Strep A: Parents told to be vigilant after seventh child dies in UK | Streptococcus A

The UK government has urged parents to be vigilant for signs of a rare invasive form of strep A infection, after it was reported that a 12-year-old London schoolboy was the last person to die after contracted it.

Nadhim Zahawi, a cabinet minister, said that although most cases of strep A were mild, parents should be aware of the symptoms.

“It’s really important to be vigilant because in the very rare circumstances where it gets serious, then you need urgent treatment,” he told Sky News’ Sophy Ridge on Sunday. “In most cases it will be a mild case of strep, but it is highly contagious, so I think the important message to get across this morning is that parents need to watch out for symptoms, so fever, headache, rash.”

It was reported on Saturday that a 12-year-old Year 8 pupil at a south London school had died after developing the infection, bringing the total death toll from the infection to seven.

The UK Health Security Agency (UKHSA) on Friday confirmed that six children under the age of 10 had died after contracting a strep A infection since September, as it issued a rare alert after a rise in cases across the country.

Other confirmed child deaths after contracting the rare form of invasive infection include Muhammad Ibrahim Ali, four, from Buckinghamshire, who died in an ambulance en route to hospital.

His mother, Shabana Kousar, told Sky News her son first developed a red rash on his lower back which was helped by a course of antibiotics, but two weeks later his condition improved. is aggravated and he has developed stomach pains. After his death, an autopsy showed he had strep A in his blood.

“I think parents should be made aware of the symptoms and act accordingly if their child experiences something similar,” she said.

Four-year-old Camila Rose Burns has been on a ventilator at Alder Hey Children’s Hospital in Liverpool since Monday after contracting strep A.

Strep A bacteria can cause many health problems, most of which are mild. They can include scarlet fever and, very rarely, invasive group A streptococcal disease (iSGA).

The latest data from the UKHSA showed that rates of scarlet fever and iGAS are two to three times higher than at the same time of year before the pandemic, with cases occurring earlier in the year.

During the week of November 14-20, 851 cases of scarlet fever were reported, compared to an average of 186 for the same period in previous years.

The UKHSA said there was no evidence that a new strain of Strep A was circulating, and the increase was most likely due to large amounts of bacteria in circulation and social mixing.

Dr Helen Salisbury, a GP at Oxford, said while each death was a tragedy, the situation was not new. “There have always been, unfortunately, cases of invasive group A strep. I think there were four child deaths in 2019,” she said. “He was always there [but] it is sometimes worse.

Salisbury said it was inevitable that GPs would face an increase in the number of parents bringing their children due to Strep A problems, and that there were difficulties for GPs in identifying children who might be develop an invasive infection.
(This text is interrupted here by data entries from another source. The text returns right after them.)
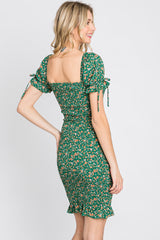 Green Floral Smocked Fitted Mini Dress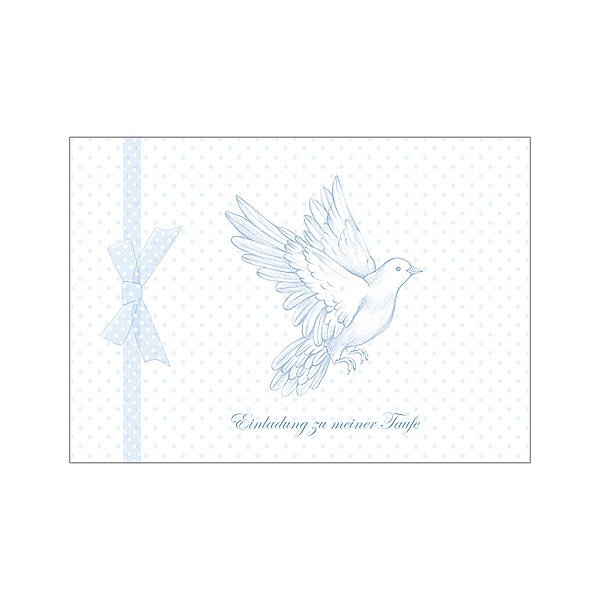 Grußkarte mit Herz Taube mit Schleife – Einladung zu meiner Taufe 4er-Set hellblau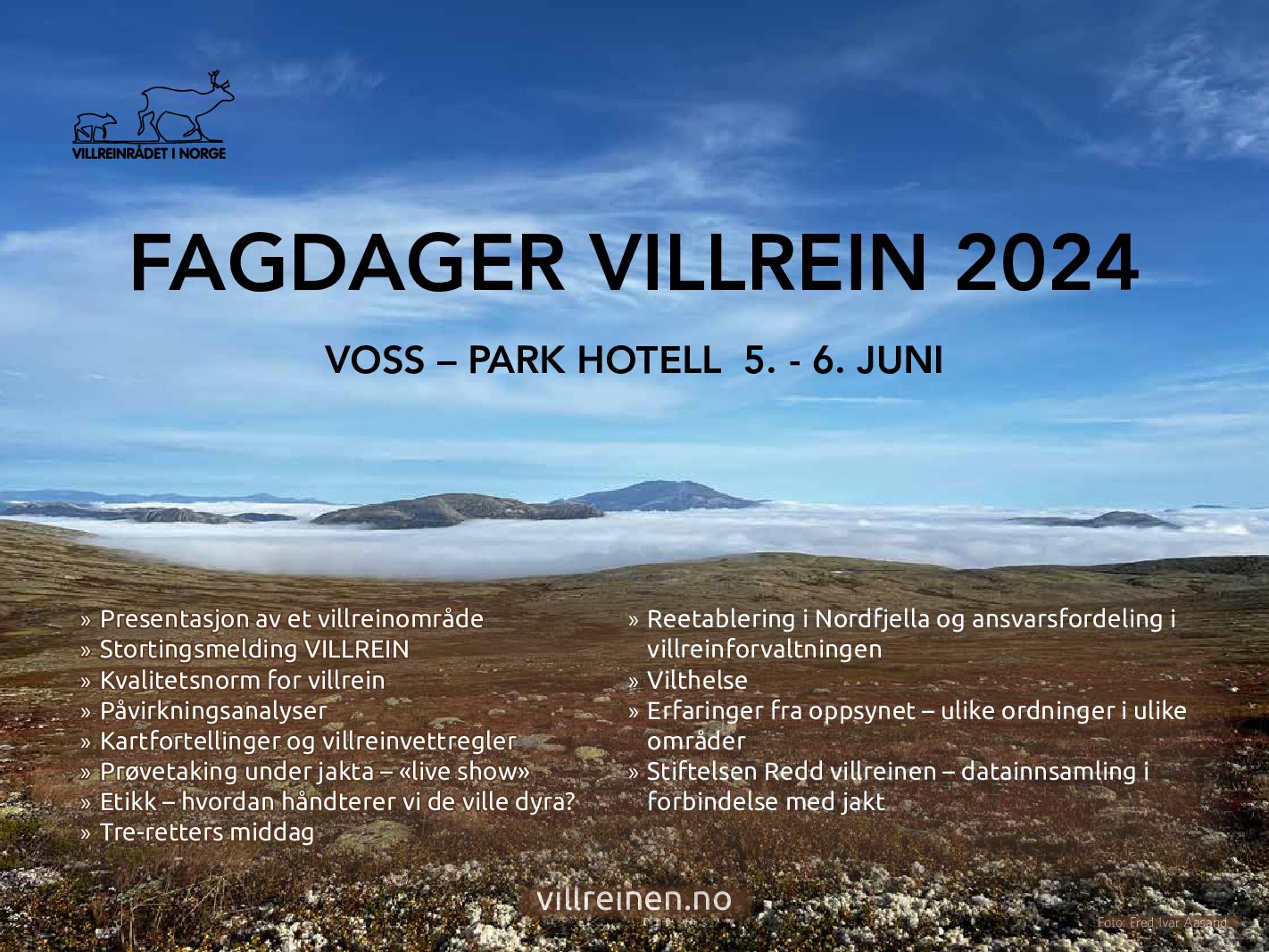 Villreinrådet inviterer til årets fagdager på Voss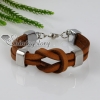 knot genuine leather bracelets for man and women brown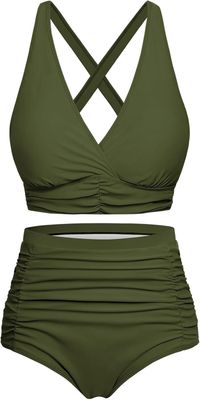 Maillot de bain dwuczęściowy damski z wysokim stanem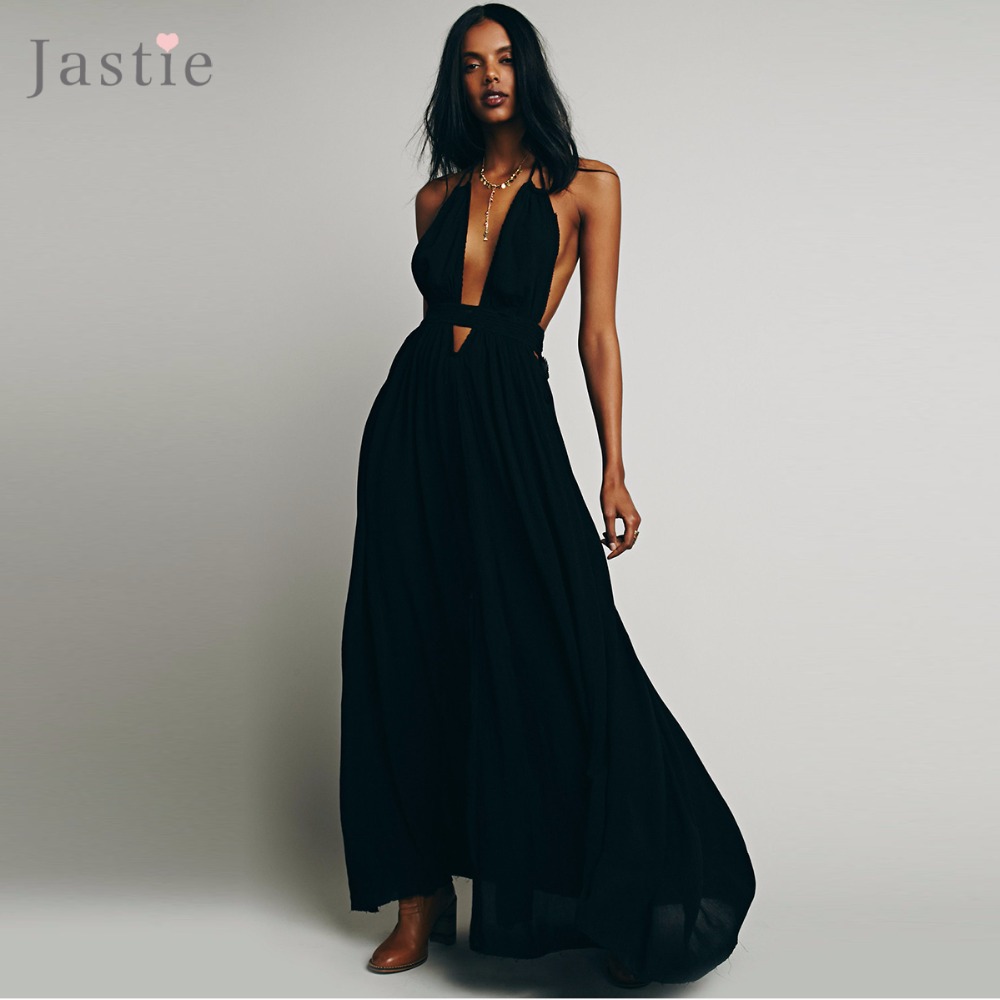 v neck backless maxi dress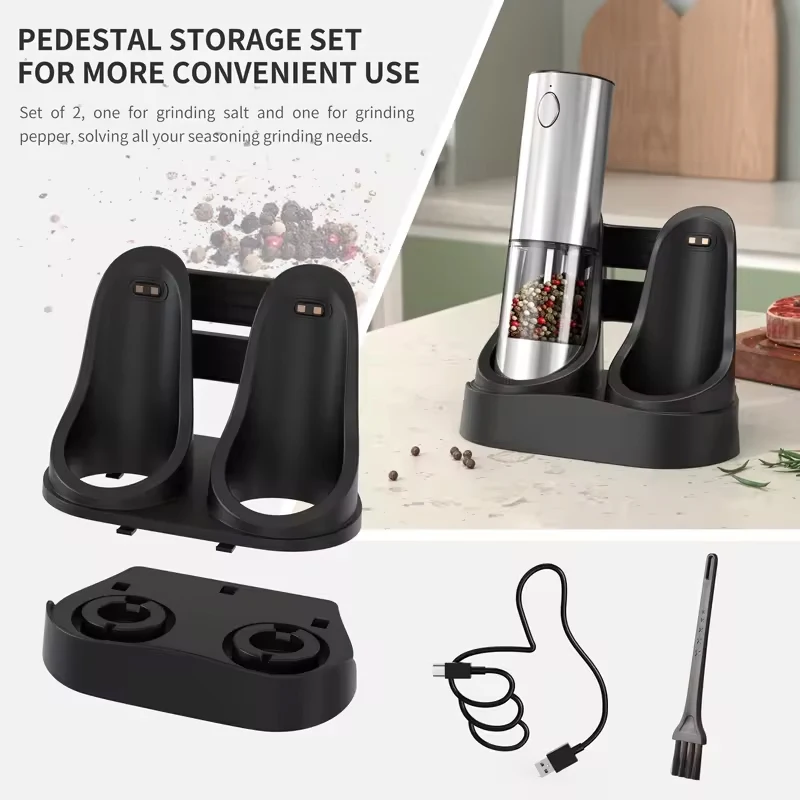 1/2PCS Electric Salt And Pepper Grinder with LED Light Gravity Sensing Adjustable Spice Mills Cordless Automatic Kitchen Gadget thumbnail 2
“From a parent’s perspective, it must be really scary. How do you know if that sore throat is just an ordinary or garden sore throat, or if it’s a prelude to something really serious? And I think it’s quite difficult for parents and to some extent for GPs as well,” she said.

“Even if you had all the time in the world and weren’t in a rush or rush, it’s still hard to tell which child is going to get sick.”

She said parents should look for symptoms that indicate an invasive infection is developing, such as a continued high temperature, lethargy or weakness, not eating or drinking as usual, and lack of urine.

Salisbury also stressed that parents should be able to return to their GP if the child’s condition deteriorates. She expressed concern that this did not always happen.

“I know there are places where they’re really, really short of GPs and it’s hard to get an appointment,” she said. “We are chronically under-doctored long-term in general medicine, and when something serious makes the news like this, it really makes it clear.”